Comment 5 Yaniv Bronhaim 2015-04-26 05:53:18 UTC
If still appears please reopen with the requested info

Comment 6 Eldad Marciano 2015-04-29 08:25:26 UTC
I have installed vt14.3 and the problem still reproduced
logs will attached

Comment 7 Eldad Marciano 2015-04-29 08:26:13 UTC
Created attachment 1020024 [details]
logs

Comment 8 Piotr Kliczewski 2015-05-03 20:38:26 UTC
Please attach engine logs as well

Comment 10 Yaniv Bronhaim 2015-05-06 07:43:36 UTC
We see certificate exception in vdsm.log due to the installation flow - after reinstall the certificate is installed currently by host-deploy on host side.

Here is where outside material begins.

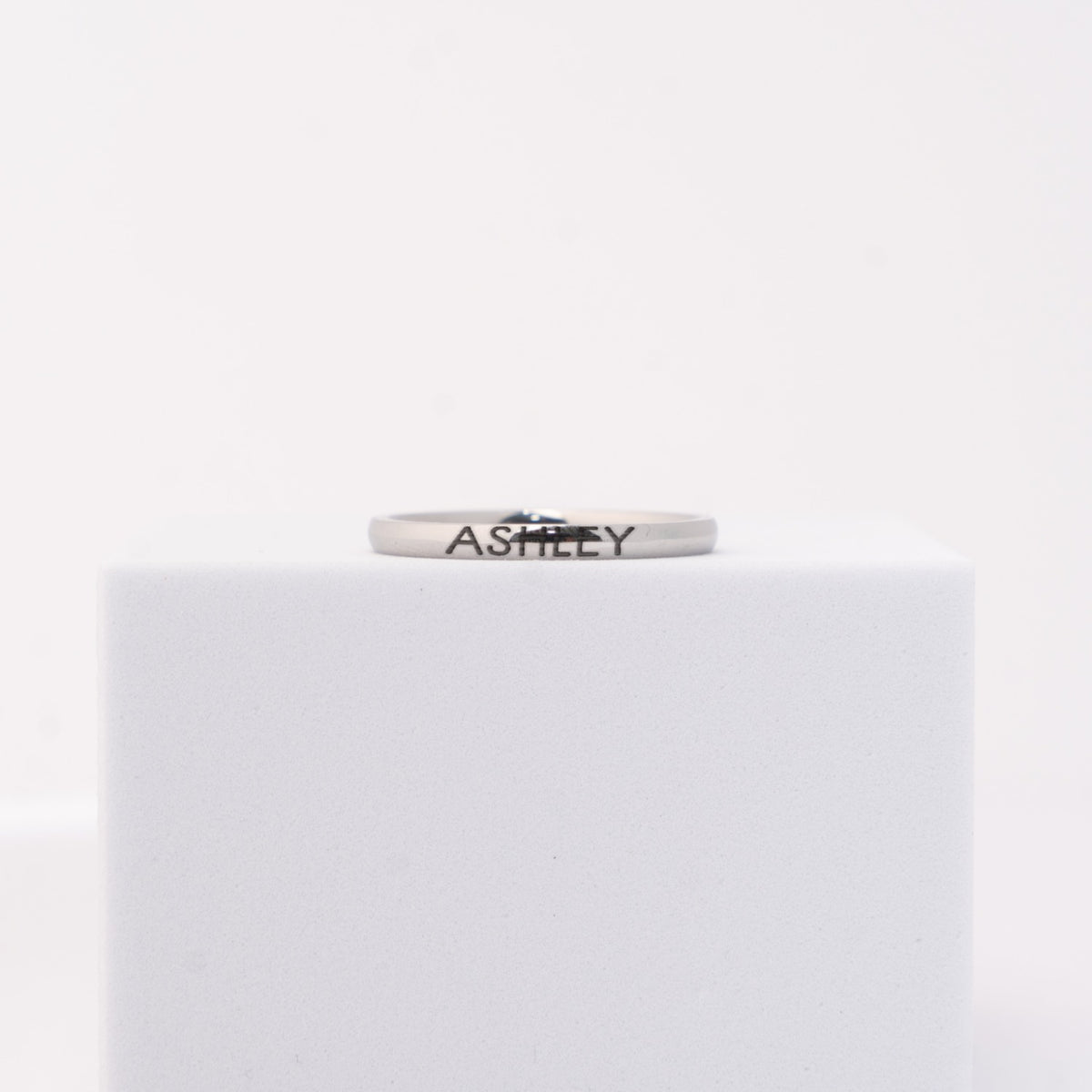 A silver band ring engraved with the name 'ASHLEY'  displayed on a white cube against a white background.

The steps that lead to this error were that Eldad added this host to engine, then removed manually the vdsm rpms on host and installed new once (then did the upgrade, but its not related) - this flow should not work without adding the host or reinstall the host by the engine (using the host-deploy). manual rpm installation requires the user to copy the engine's certificate as well - if the host already part of the engine setup it doesn't mean that it should work as expected if user changed configurations on host manually.

Comment 11 Christopher Pereira 2015-05-13 05:23:41 UTC
Confirmed. Removing VDSM RPMs causes lost certificates.
The solution is to go into maintenance mode and reinstall the host.